- Your task:
Write out the line with "The Hypnosis App Was Fake – The" and every later line through the end of the data below, exactly as given, with no pictures in the copy.

---

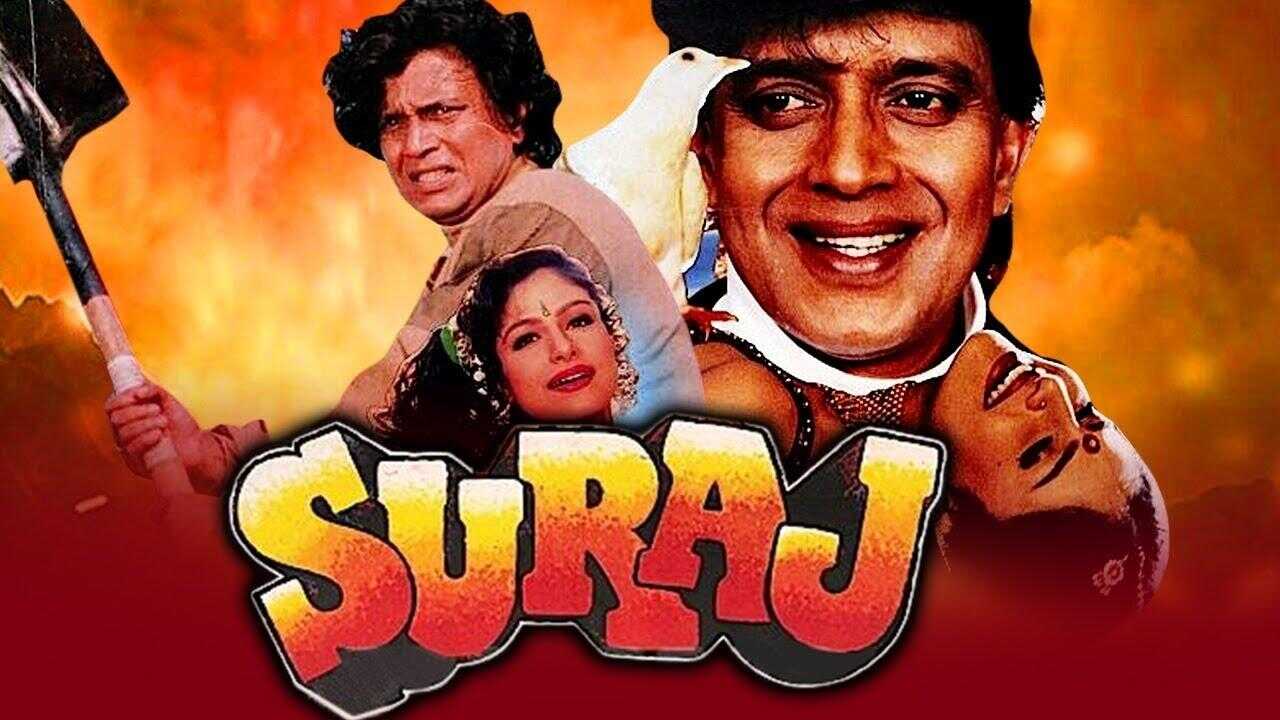 Suraj (1997) 0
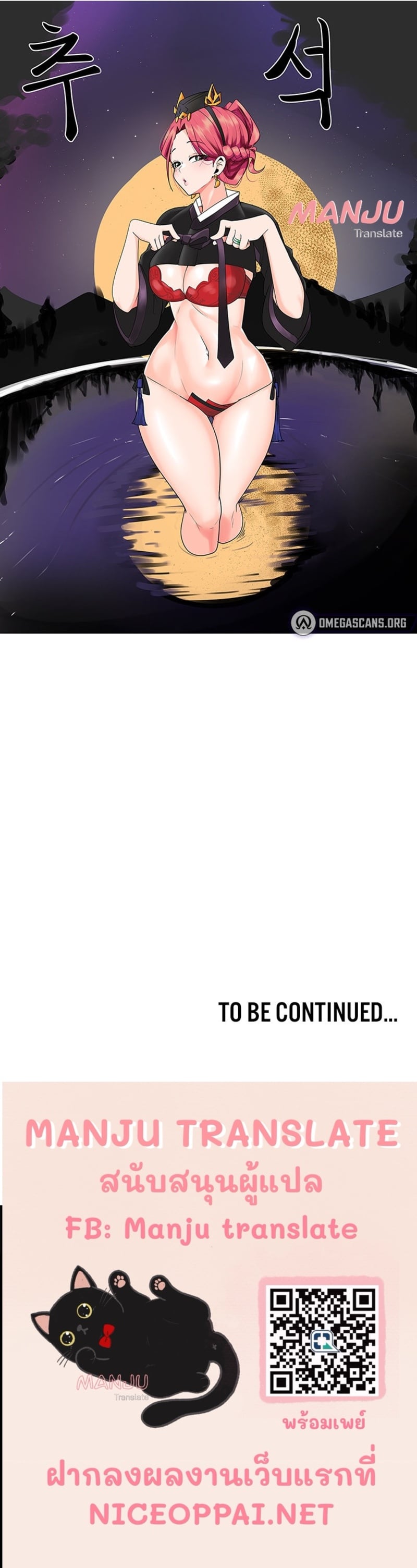 The Hypnosis App Was Fake – The Hypnosis App Was Fake – ตอนที่ 10 หน้า 13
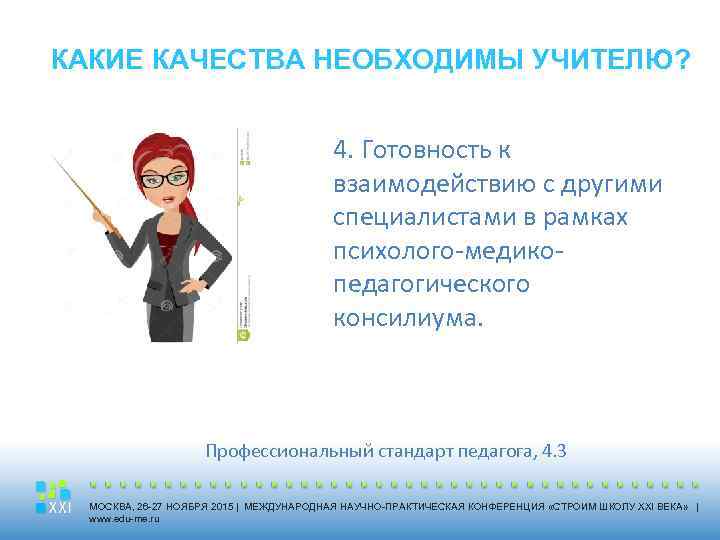 КАКИЕ КАЧЕСТВА НЕОБХОДИМЫ УЧИТЕЛЮ? 4. Готовность к взаимодействию с другими специалистами в рамках психолого-медикопедагогического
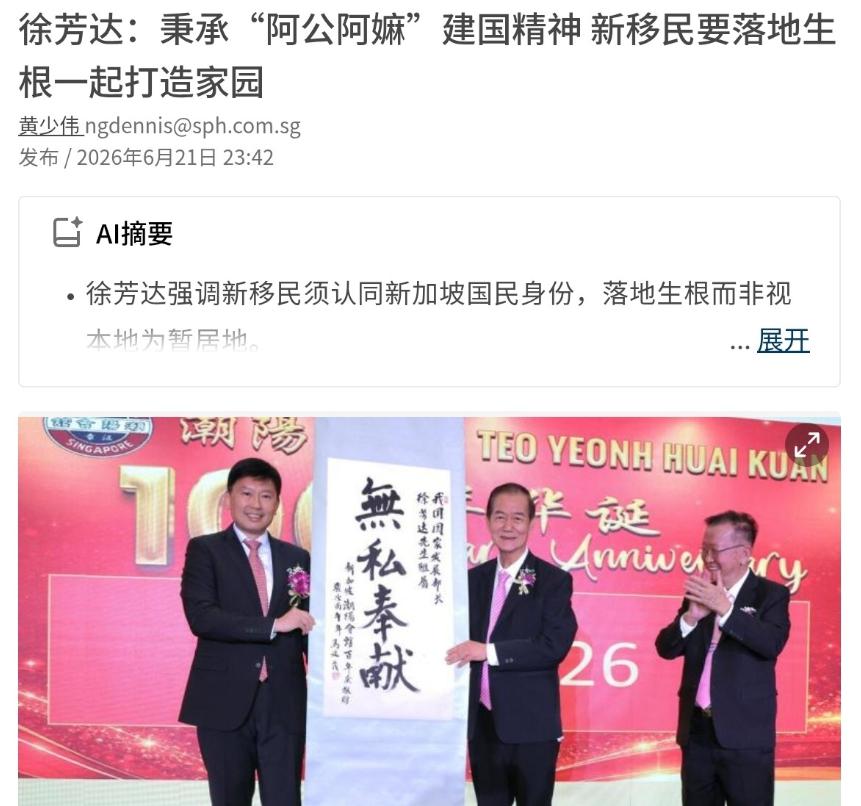 新加坡内心真是高度敏感，新加坡官方竟然下场表态了！6月22日，根据新加坡联合早报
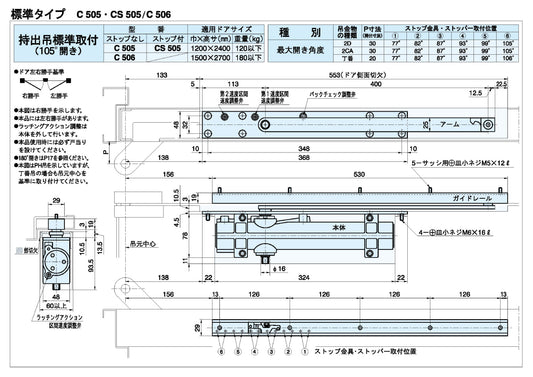 大鳥機工 コンシールドドアクローザー C506 【ストップ無し, 標準取付 / 逆取付, DIA, Diamond, ダイヤモンド, OHTORI KIKO】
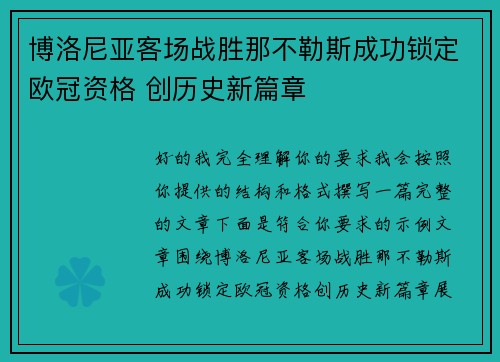 博洛尼亚客场战胜那不勒斯成功锁定欧冠资格 创历史新篇章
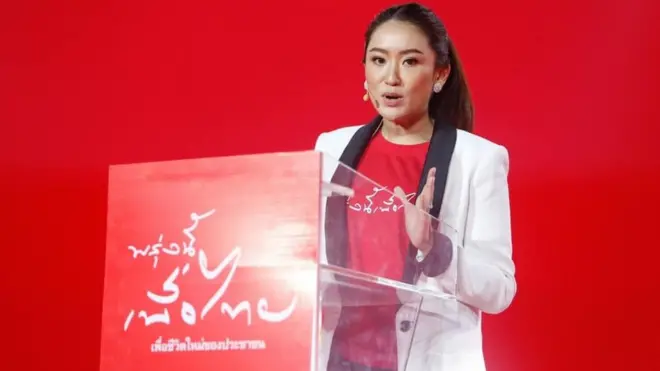 "ดิฉันไม่เคยคิด และทุกวันนี้ก็ยังไม่คิดที่จะเป็นนักการเมือง" น.ส.แพทองธาร ชินวัตร กล่าวบนเวทีที่ประชุมใหญ่พรรคเพื่อไทยที่ จ.ขอนแก่น วันที่ 28 ต.ค. 2564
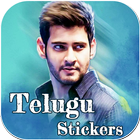 Telugu Sticker for Whatsapp simgesi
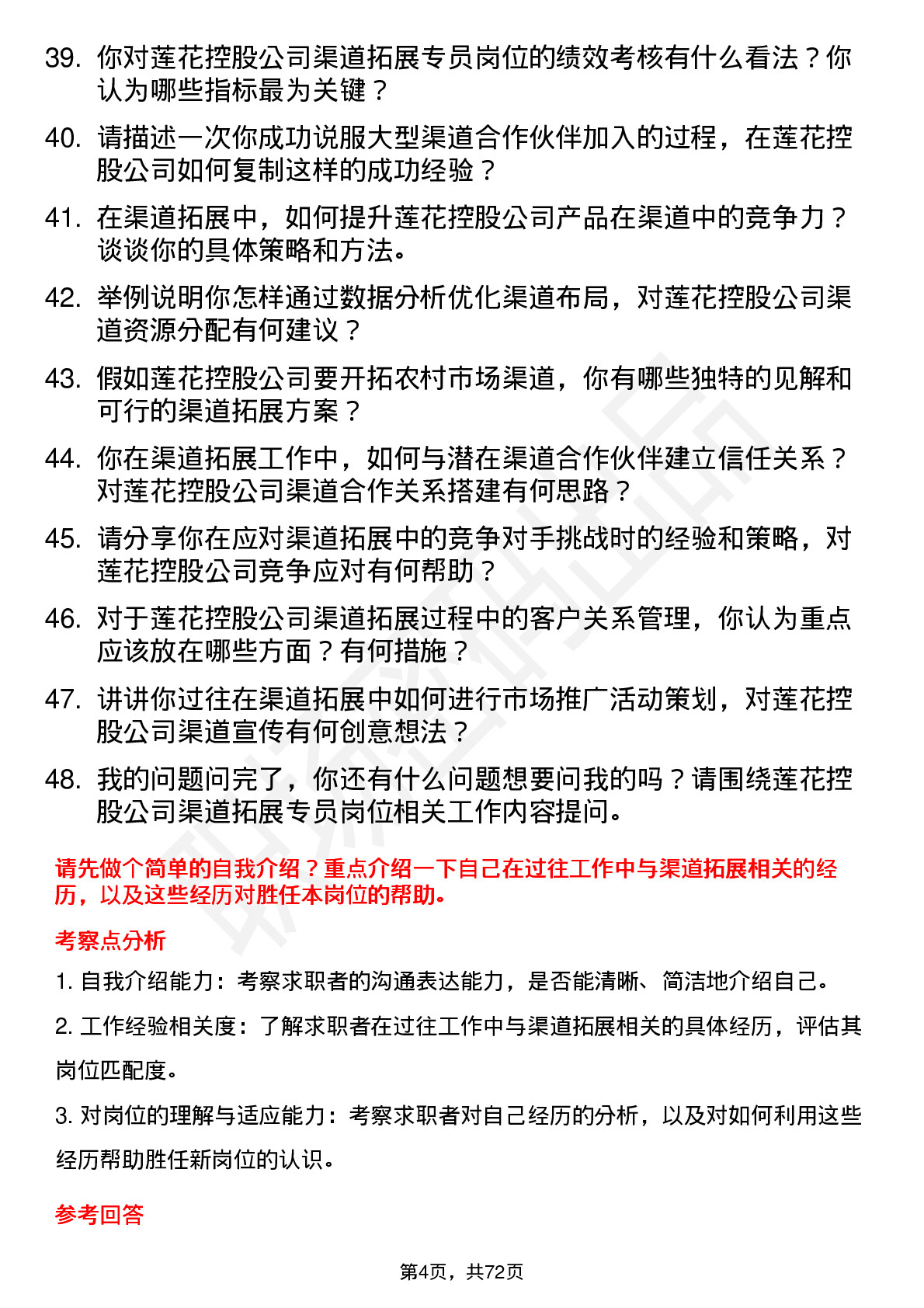 48道莲花控股渠道拓展专员岗位面试题库及参考回答含考察点分析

---

- Output for this exercise:
 The Hypnosis App Was Fake – The Hypnosis App Was Fake – ตอนที่ 10 หน้า 13
 КАКИЕ КАЧЕСТВА НЕОБХОДИМЫ УЧИТЕЛЮ? 4. Готовность к взаимодействию с другими специалистами в рамках психолого-медикопедагогического
 新加坡内心真是高度敏感，新加坡官方竟然下场表态了！6月22日，根据新加坡联合早报
 大鳥機工 コンシールドドアクローザー C506 【ストップ無し, 標準取付 / 逆取付, DIA, Diamond, ダイヤモンド, OHTORI KIKO】
 博洛尼亚客场战胜那不勒斯成功锁定欧冠资格 创历史新篇章
 "ดิฉันไม่เคยคิด และทุกวันนี้ก็ยังไม่คิดที่จะเป็นนักการเมือง" น.ส.แพทองธาร ชินวัตร กล่าวบนเวทีที่ประชุมใหญ่พรรคเพื่อไทยที่ จ.ขอนแก่น วันที่ 28 ต.ค. 2564
 Telugu Sticker for Whatsapp simgesi
 48道莲花控股渠道拓展专员岗位面试题库及参考回答含考察点分析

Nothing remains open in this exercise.